_Problem details_
With the pictures excluded, output only the lines from the one containing "Image de Charming" through the last line of the entries, unchanged.

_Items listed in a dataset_
-----

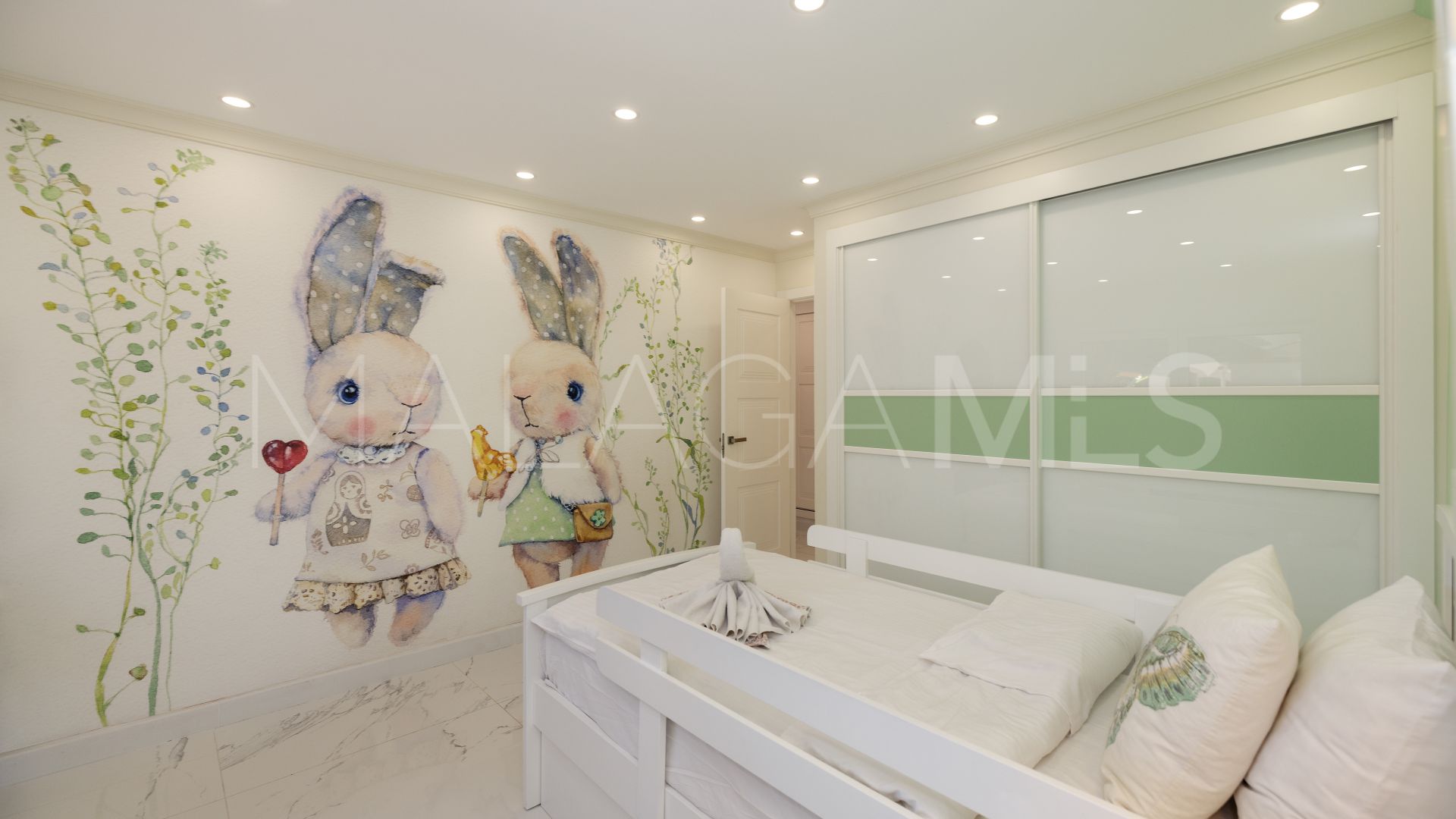 Rio Real, villa de 7 bedrooms for sale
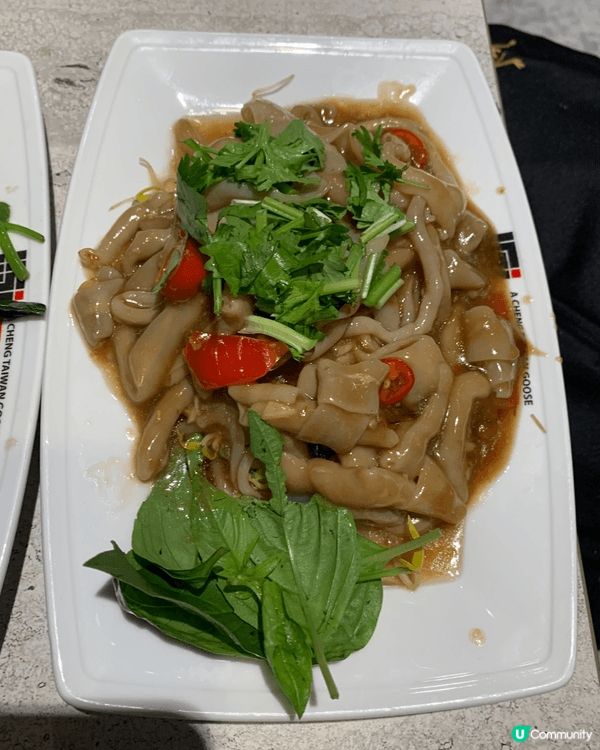 我會推薦阿城鵝肉，招牌鵝肉非常好味，鵝肉帶有煙熏味，入口軟滑...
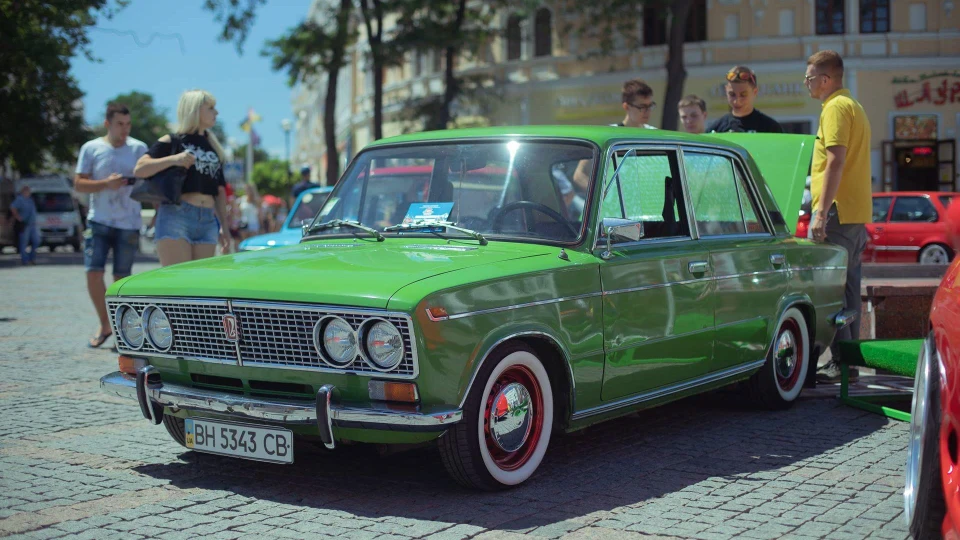 Lada 2103 2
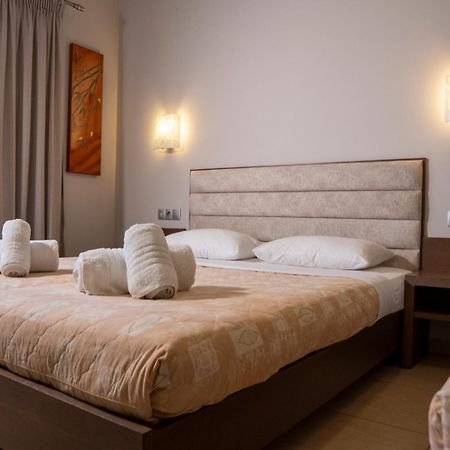 Hotel Epavlis Eleftheriadi Paralía Eksteriør billede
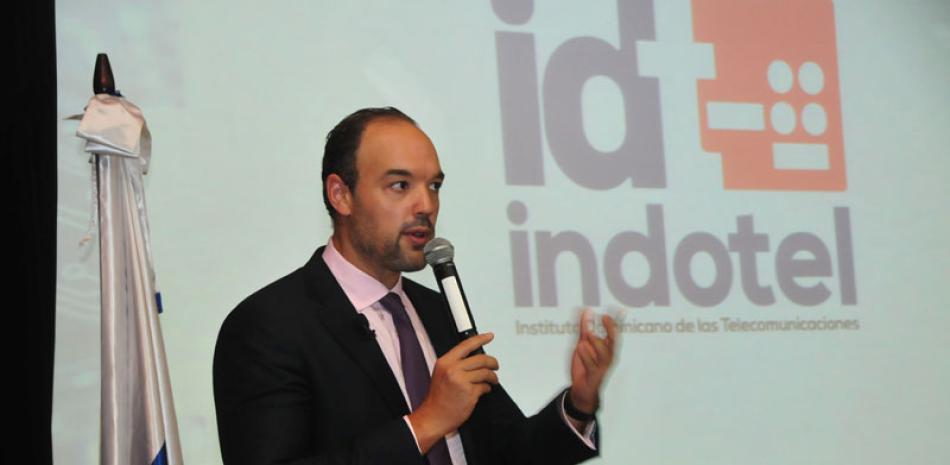 Funcionario. José del Castillo Saviñón, director del Indotel.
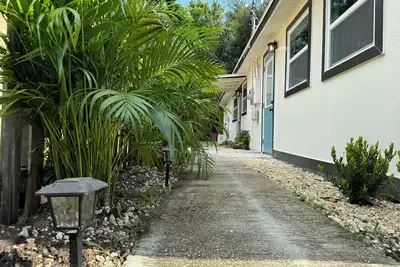 Image de Charming 1-bedroom house in Safety Harbor with Private Fenced Backyard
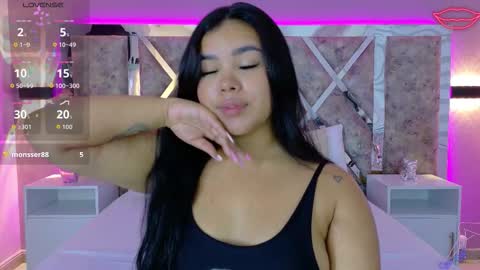 Snapshot of martinagarcia__ chatting on October 15, 7:25 pm Martina Garcia online show from October 15, 7:25 pm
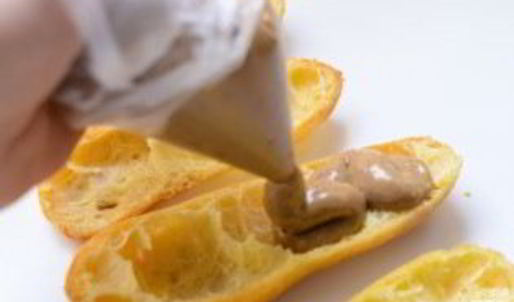 эклеры с шоколадным кремом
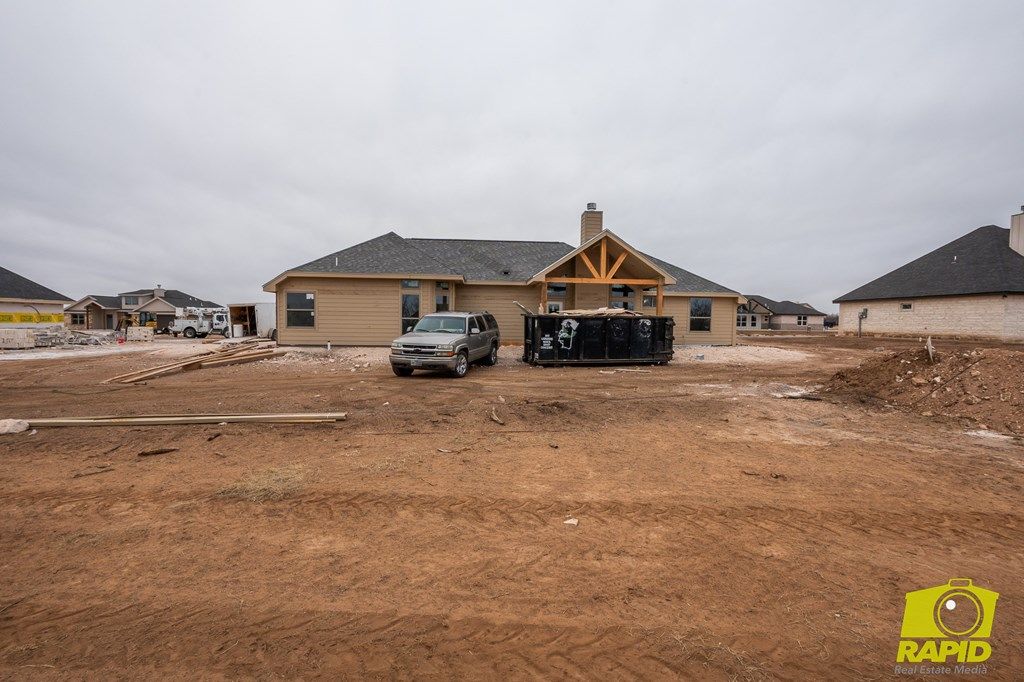 Image 3 of property listing at 9754 Jaguar Trail, San Angelo, TX 76901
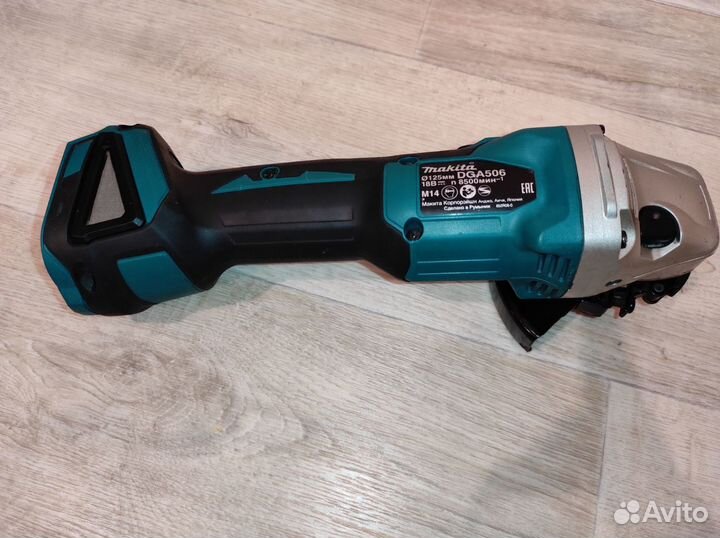 Угловая шлифмашина Makita LXT DGA506Z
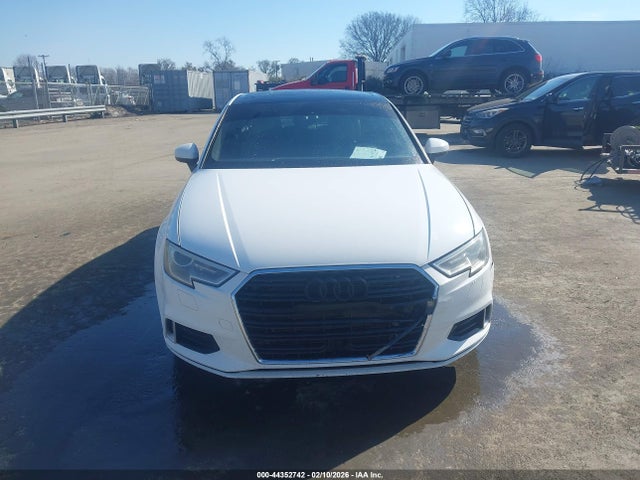 44352742 :رقم المزاد ، WAUAUGFF1H1037798 vin ، 2017 Audi A3 2.0t Premium مزاد بيع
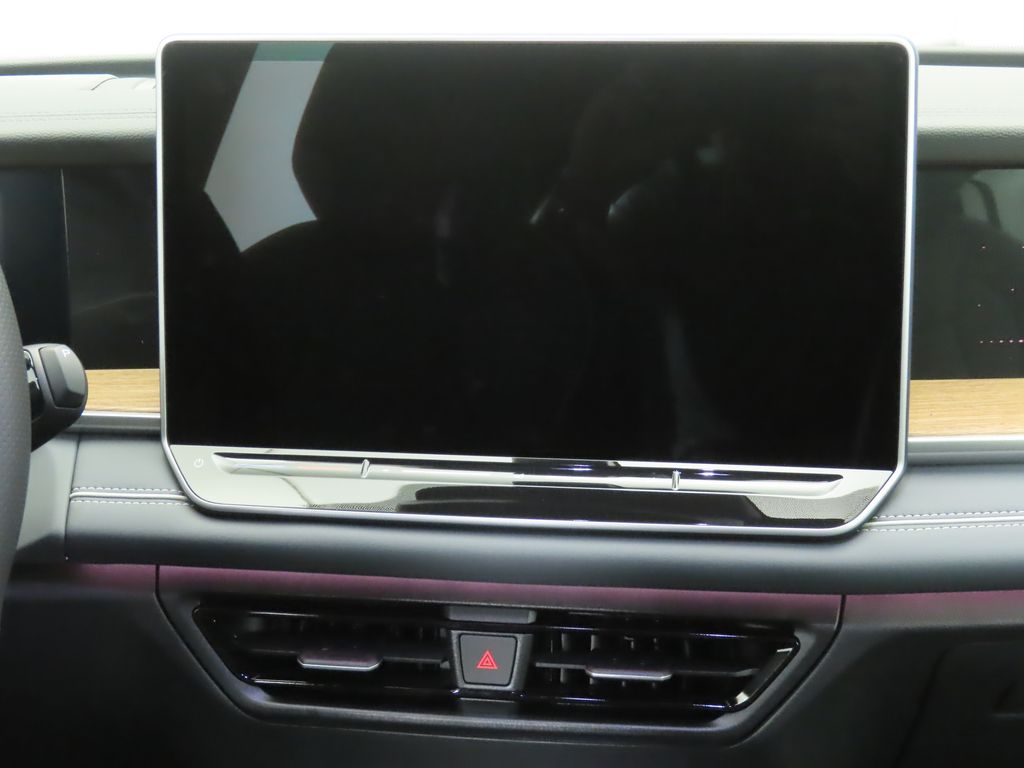 Thumbnail: 2025 Volkswagen Tiguan - 15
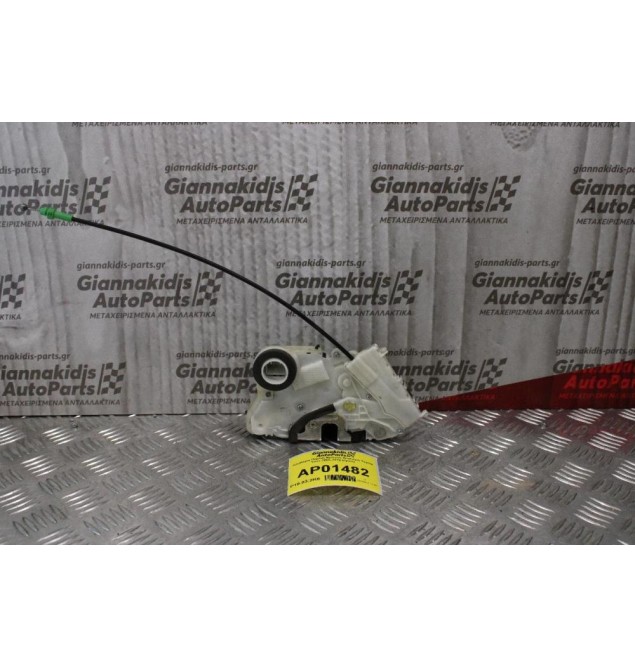 Κλειδαριά Πόρτας Εμπρός Αριστερή Toyota Yaris 2006-2012 (6pins)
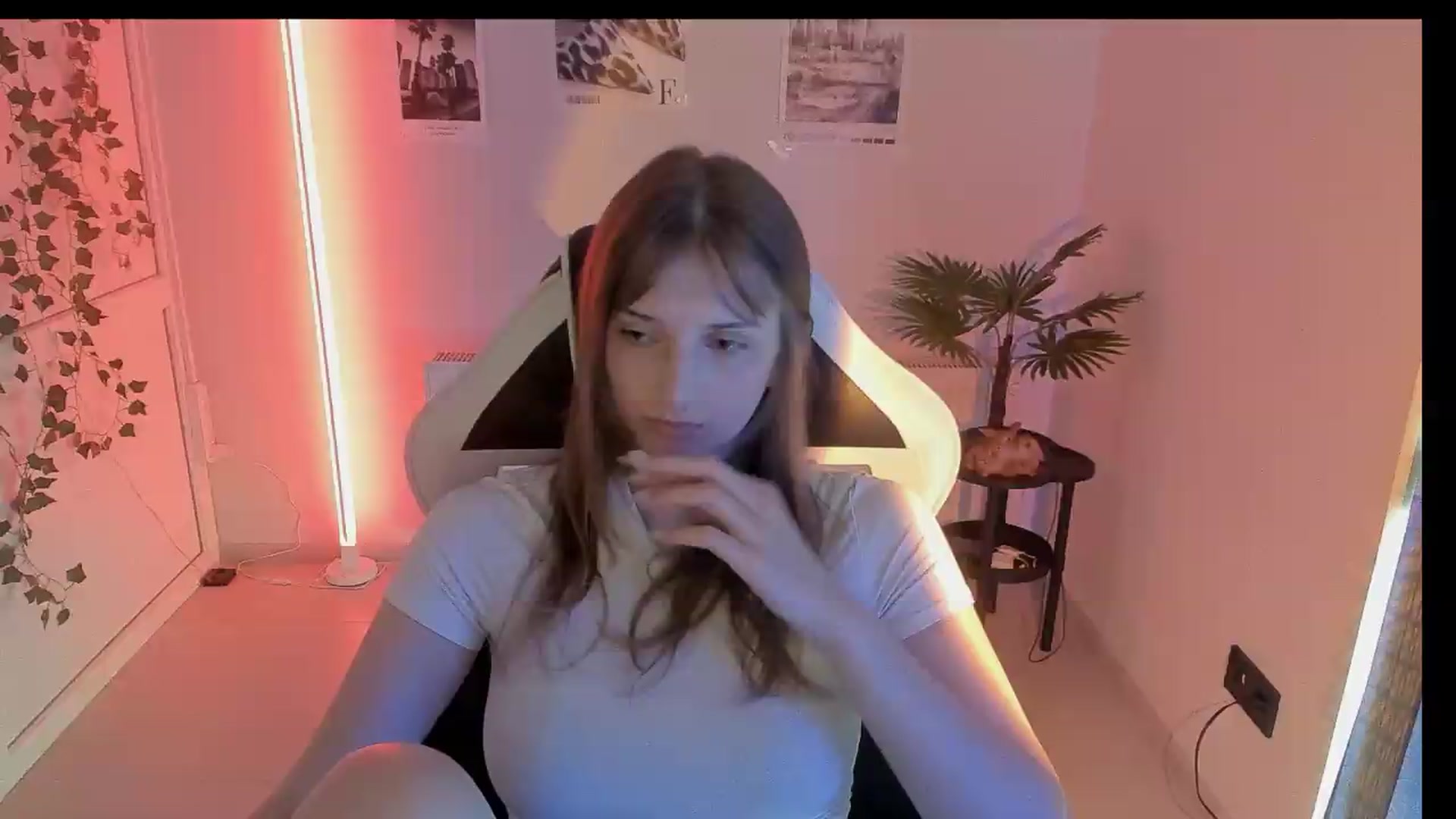 Gallery image thumbnail from Lissa_Stars's myfreecams stream on, 08/02/2026, 13:17 image 14 of 20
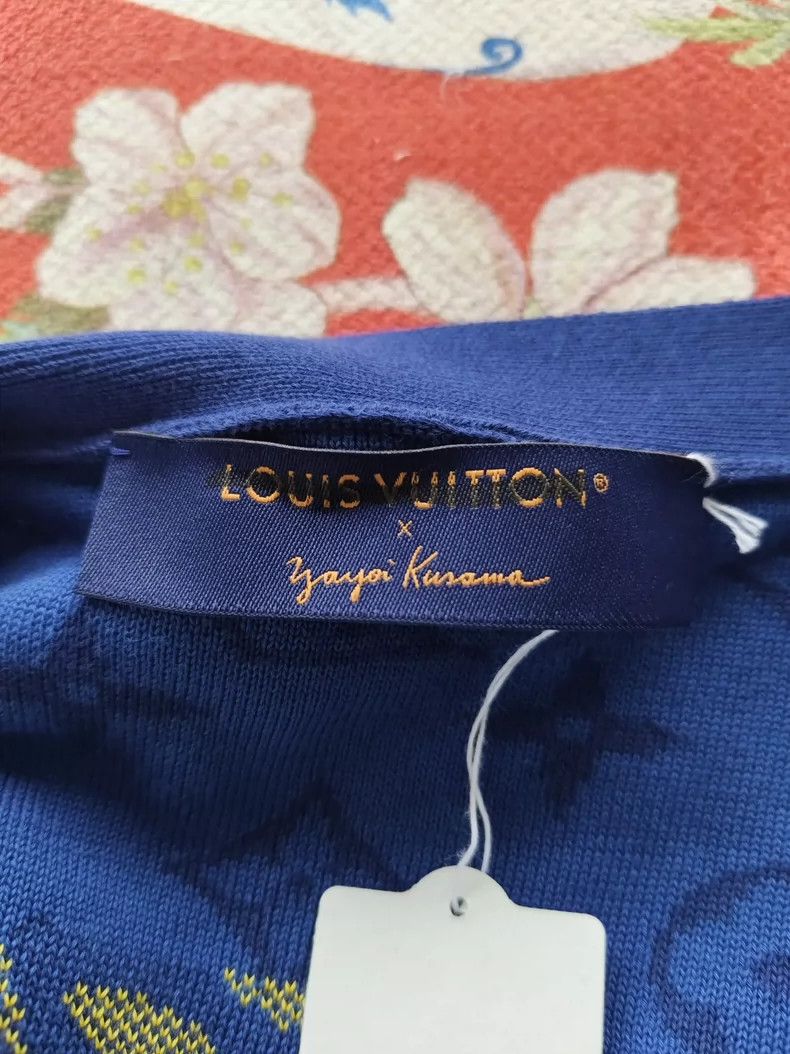 Louis Vuitton Louis Vuitton Yayoi Kusama Co-branded Blue Knitted Cardiga Size US M / EU 48-50 / 2 - 5 Thumbnail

-----

_Solution for this exercise_
 Image de Charming 1-bedroom house in Safety Harbor with Private Fenced Backyard
 Snapshot of martinagarcia__ chatting on October 15, 7:25 pm Martina Garcia online show from October 15, 7:25 pm
 эклеры с шоколадным кремом
 Image 3 of property listing at 9754 Jaguar Trail, San Angelo, TX 76901
 Угловая шлифмашина Makita LXT DGA506Z
 44352742 :رقم المزاد ، WAUAUGFF1H1037798 vin ، 2017 Audi A3 2.0t Premium مزاد بيع
 Thumbnail: 2025 Volkswagen Tiguan - 15
 Κλειδαριά Πόρτας Εμπρός Αριστερή Toyota Yaris 2006-2012 (6pins)
 Gallery image thumbnail from Lissa_Stars's myfreecams stream on, 08/02/2026, 13:17 image 14 of 20
 Louis Vuitton Louis Vuitton Yayoi Kusama Co-branded Blue Knitted Cardiga Size US M / EU 48-50 / 2 - 5 Thumbnail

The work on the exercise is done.